• **Data to process**:
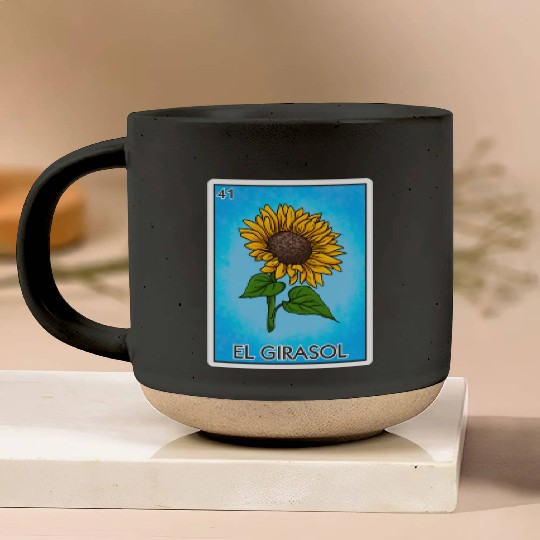 El Girasol Sunflower Card Mexican Lottery Card Pottery Mugs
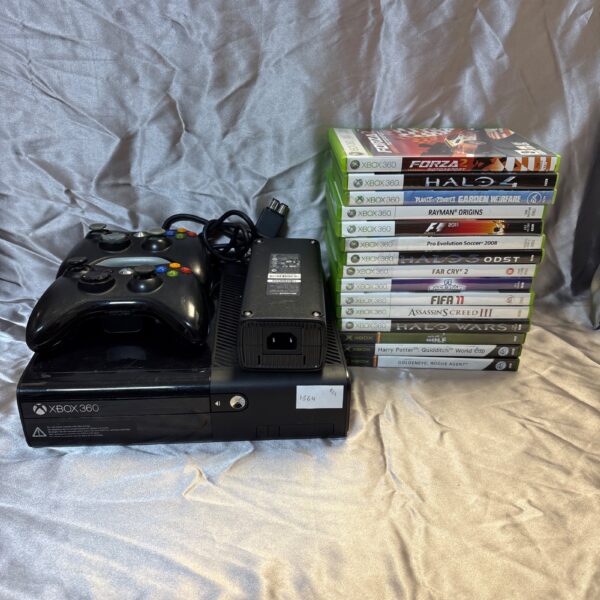 Xbox 360 E console with controllers and games bundle.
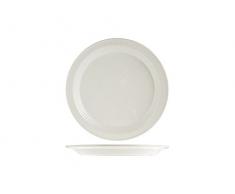 Home Rayures Plat Rond, 20 cm, Céramique, Ivoire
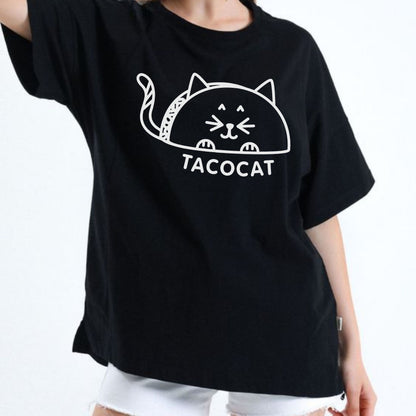 Funny Tacocat Tee - Cute Palindrome Cat Taco Shirt, Apparel for Food & Cat Lovers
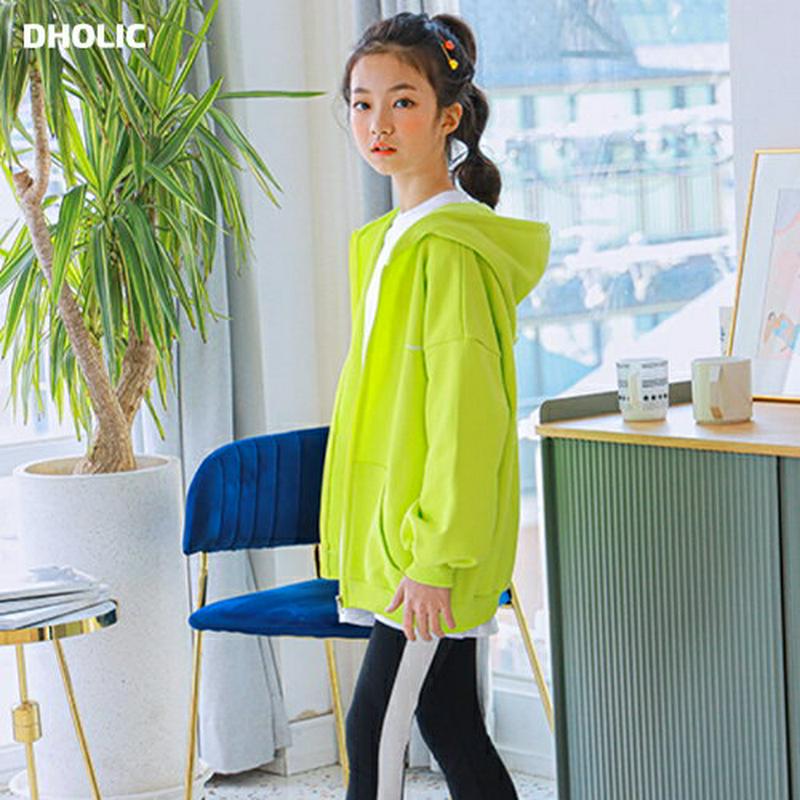 英字フルジップパーカー(ライム) p000976 キッズ 【9~17才】【tops】【韓国 ファッション トップス パーカー フ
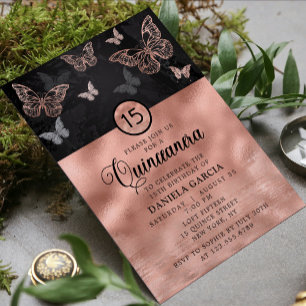 Rose Gold Shimmer Butterfly Modern Quinceañera Invitation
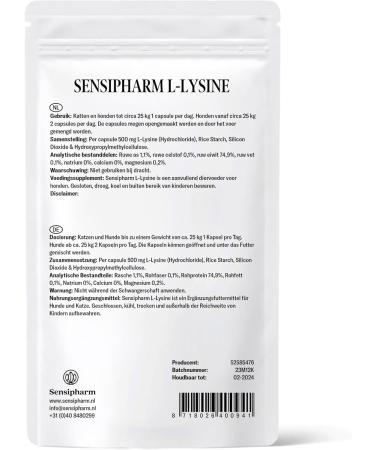 Sensipharm L-Lysine for Dogs & Cats | 100 High Dosed Lysine Softgels at 670mg to Support the Immune System | Naturally Pure A - Buy Online on GoSupps.com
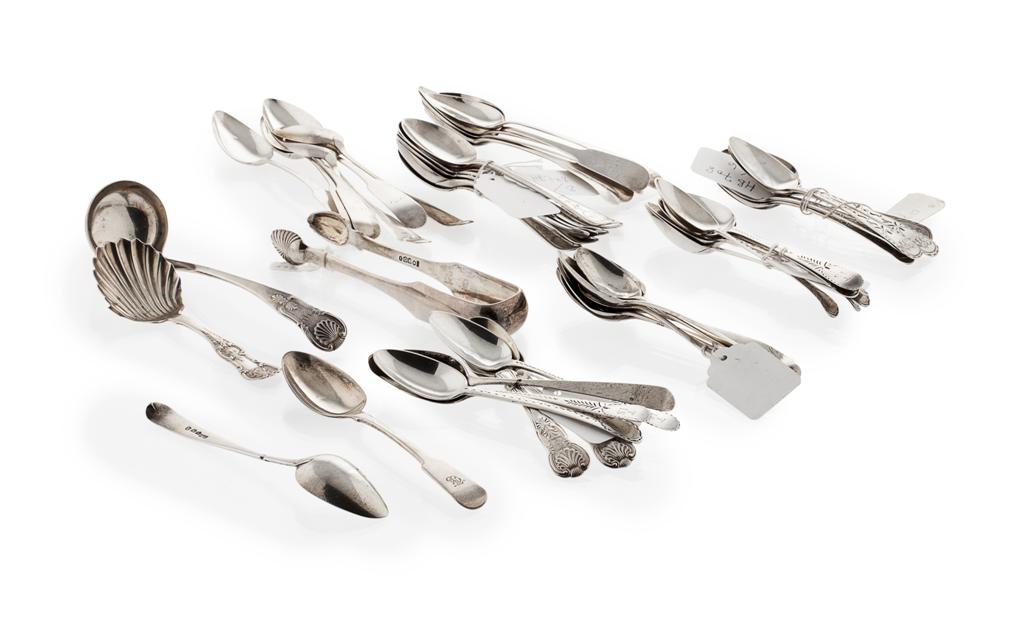 Appraisal: Various groups of Georgian and other silver teaspoons one set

• **Exercise brief**:
Using the data above, return the lines from the one holding "Xbox 360 E console" through the one holding "英字フルジップパーカー(ライム) p000976 キッズ" exactly, but not the pictures.

• **Answer**:
 Xbox 360 E console with controllers and games bundle.
 Home Rayures Plat Rond, 20 cm, Céramique, Ivoire
 Funny Tacocat Tee - Cute Palindrome Cat Taco Shirt, Apparel for Food & Cat Lovers
 英字フルジップパーカー(ライム) p000976 キッズ 【9~17才】【tops】【韓国 ファッション トップス パーカー フ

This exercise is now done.